It is necessary to have a minimum wage to make sure companies will priorities
local talents. The "n citizen jobs per m foreign jobs" model sometimes create
busy-work but I think that is a fair combination to wage floor.

I believe it is important to do everything to help integrate skilled workers
to society. Make them feel they belong. They are more valuable assets if they
stay. Of course it has to be in accordance with population and unemployment
metrics.

There is this annoying double standard currently. If they invest and spend in
the US we complain, and if they remittance to the home country again we
complain. And now this work ban is like telling them mine and run because we
don't want you here.

------
exwiki
This is just sad.

------
anonymous_i
I will throw a different perspective here on why tightening regulations on H-4
spouse work is important:

\- Fact is everyone comes to the US to have a better economic life.

\- Even asylum seekers, would want to move to the US over any other
progressive European nation , because, American Dream, easy upwards mobility,
diversity. This is a personal observation.

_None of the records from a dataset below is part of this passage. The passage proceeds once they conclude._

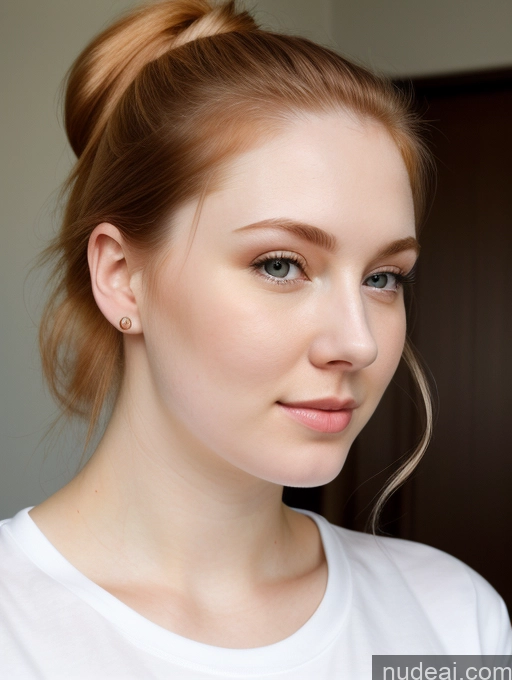 related ai porn images free for Busty Perfect Boobs Beautiful Fairer Skin Thick 18 Ginger Russian Close-up View Shirt Ponytail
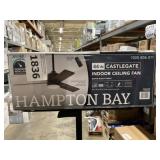 Hampton Bay 44' Indoor Ceiling Fan in Black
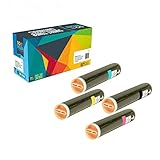Do it Wiser Compatible Toner Cartridge Replacement for Xerox Phaser 7760 7760N 7760DN 7760DX 7760GX | 106R01160 106R01161 106R01162 106R01163 (4 Pack)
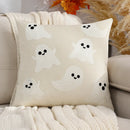 Axyaa Dutch Velvet Halloween Pillowcase with Pumpkin Bat Embroidery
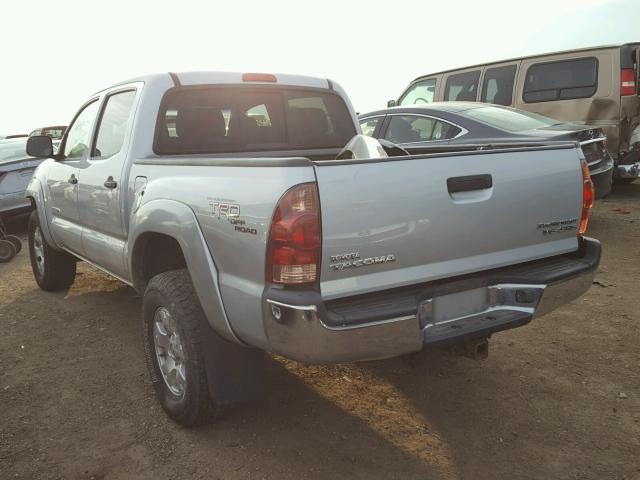 5TEJU62N27Z348106 - 2007 TOYOTA TACOMA DOU SILVER photo 3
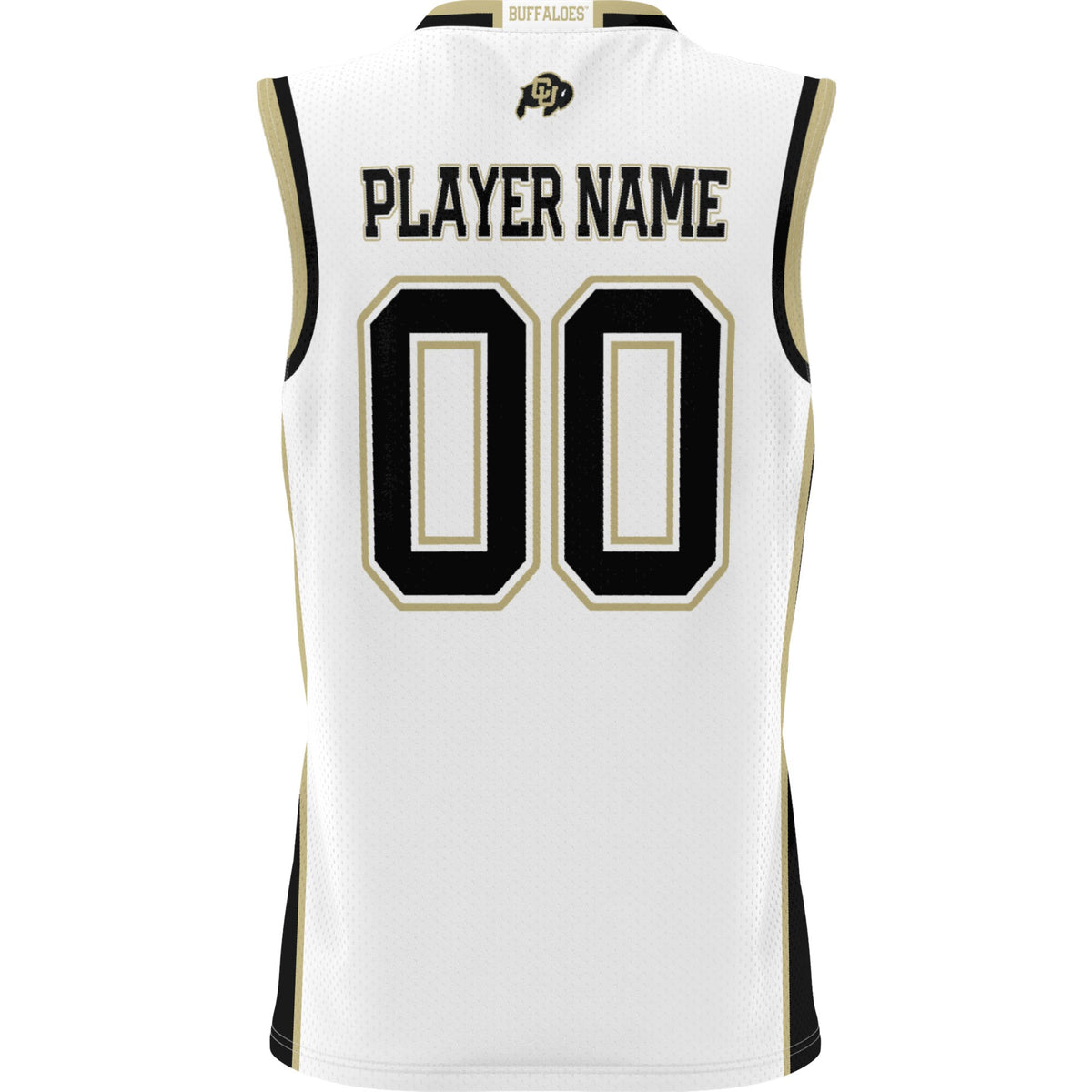 Colorado Buffaloes GameDay Greats Lightweight NIL Pick-A-Player Basketball Jersey - White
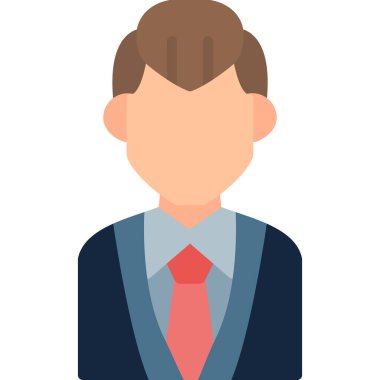 İş adamı avatar karakter vektör çizimi tasarımı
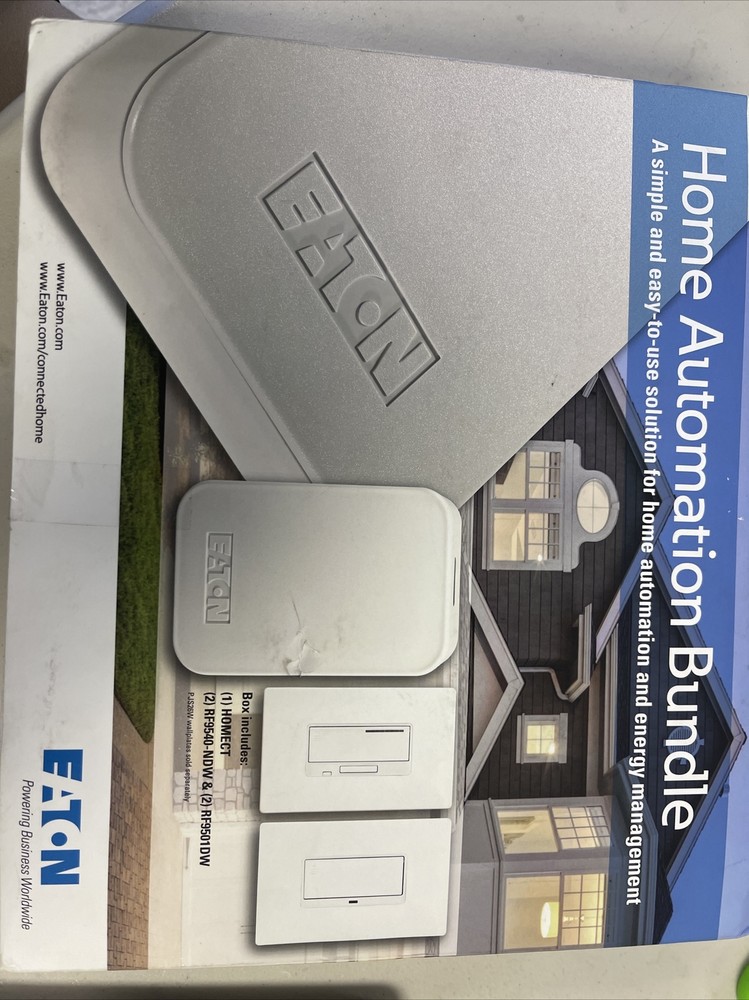 Eaton Home Automation Bundle Includes-  (Homect, RF9540-ND, RF9501D)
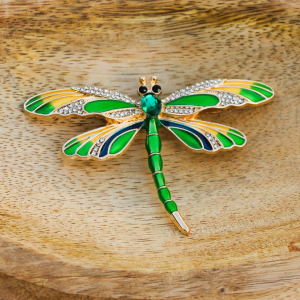 BROCHE LIBELLULE Verte (guérison de l'âme et du corps)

Let me shed some light on how it works for Indian people. You can extrapolate
it to other entities too.

    
    
      - Indian girls in general conveniently marry a US living 
        husband of their parents choice(not all but many), and 
        compete for the same jobs with kids who finished their 
        Masters Degrees here.
    
      - H-1B visa system is fucked up. Infosys and Wipro and 
        TCS ship tons of their employees to the US.These people 
        work at a price less than the current market price.
    

\- This is bad for three reasons:

    
    
       - Kids don't want to come to the United States to do their Masters because, job market 
         is tight. Its bad for schools and kids too. Schools for those foreign dollars, for kids- its important to have
         an exposure to outside world - this helps shape world view in a tremendously good way.
    
       - These people are employed mostly to replace existing American workers.
    
       - From my observations, the reason I am biased in favouring kids coming here for 
         Masters is because, with in the time it takes to finish their education, and the 
         time it takes to find a job, they imbibe American culture. This may sound silly, but 
         it is very important. These people at some time will become citizens and will become 
         part of national discourse. 
    
      - Contractors shipped by Infosys and Wipro and TCS could never be part of that. It is 
        hardly possible. Again , its a personal observation. 
    

\- So , how do all these things tie together

    
    
       - Someone who finishes his Masters in the United States is expected to find a job with in three months of his 
         OPT(Optional Practical Training) start date.
    
       - Now these people are mostly by themselves and invested heavily for their education. No reason why these people 
         flock to so called 'consultancies'.
    
       - Compare that to the spouses of existing H-1B visa holders, who never invested anything here. No cultural 
         investment, nor education. They have a security to live here for as long as their relatively smart husband is 
         allowed to live. With unlimited amount of time compared to some one with a Masters degree, they are at a 
         disproportionate advantage.
    
       - People finishing Masters should be given precedence over H4 spouses and H-1B's(for reasons above) hired by 
         outsourcing companies.
    
       - There is more to it than we know.For all the xenophobia, this administration is displaying there are times, 
         they are not wrong.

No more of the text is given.